NextWave pointed out that it has satisfied the five factors that determine whether certain debt investments are actual debt or are equity contributions in disguise. “NextWave has not attempted to merely re-label equity as debt but instead has entered into debt agreements with investors that reflect the lesser degree of risk (and absence of ownership rights) attendant with debt securities,” it wrote.
The FCC questioned how NextWave’s debt-to-equity ratio, which the company has set at 2: 3, also could be calculated at 15.6: 1 as demonstrated in NextWave’s registration statement on file with the Securities and Exchange Commission. In its opposition to the petition to deny filed last July, NextWave answered that in its Form 600, it compared the total dollar amount invested in the company that represented debt (including convertible and nonconvertible debt) and the total dollar amount that had been invested in equity securities (Class A and B stock). It did not include vendor financing because no funds from such contracts had been advanced at the time of the filing. It also did not include the $4.2 billion owed to the government for its C-block licenses, believing the cost “does not factor into a traditional debt-equity calculation for purposes of determining whether NextWave’s debt securities are actual disguised equity.” In its SEC filing, however, NextWave did have to factor in its government debt, anticipating its licenses would end up costing $3.8 billion after down payments were submitted, bringing the ratio back up to 15.6: 1.
Regarding the control issue, the company said Qualcomm, which is both a vendor and a major stockholder with ties to the board of directors, has played no role in the financial promotion of NextWave to other potential investors. While certain members of NextWave’s top management were Qualcomm employees at one time and have represented NextWave in financial discussions, other former Qualcomm employees who now work for NextWave have not.
One of the reasons the commission is questioning Qualcomm’s role so heavily concerns the deal the manufacturer struck with NextWave to turn Series C shares into Series B shares on a 1: 1 basis.
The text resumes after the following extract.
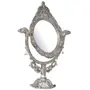 CHURU SILVERWARE White Metal Table Mirror (33 cm x 2 cm x 40 cm Silver), 2 image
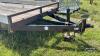 2014 15FT TANDEM AXLE TRAILER WITH A 3FT BEAVER TAIL AND RAMPS. - 10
NextWave explained that due to the nature of Qualcomm’s promise of 100 percent vendor financing at the time when the company had no one else on board, it granted Qualcomm that privilege because of the early risk it was taking. Qualcomm also invested $5 million for an equity share and provided a $25 million loan, part of which has been repaid in Series B stock.
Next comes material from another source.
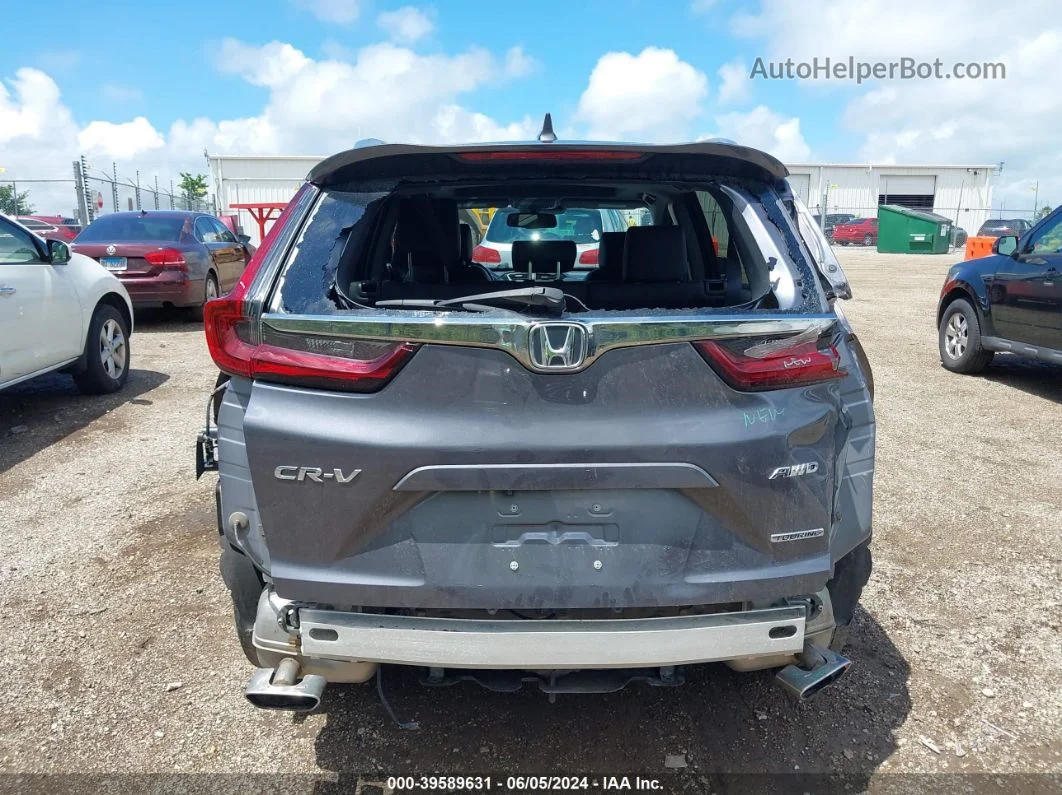 2020 Honda Cr-v Awd Touring Gray vin: 2HKRW2H95LH664693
In a more personal financial probe, the commission asked NextWave if any of its stockholders bought shares with borrowed cash and, if so, how did they finance the transaction. NextWave Telecom Inc., parent company of NextWave Personal Communications, paid cash for its shares, as did 28 other stockholders who paid more than $11 million for their Series A stake. Sixteen other stockholders signed promissory notes for an additional $2.5 million Series A shares; NextWave Chairman Allen Salmasi paid $6 million in cash for some 25 million shares plus signing a note for $1.3 million for an additional 5.3 million shares of Series A stock.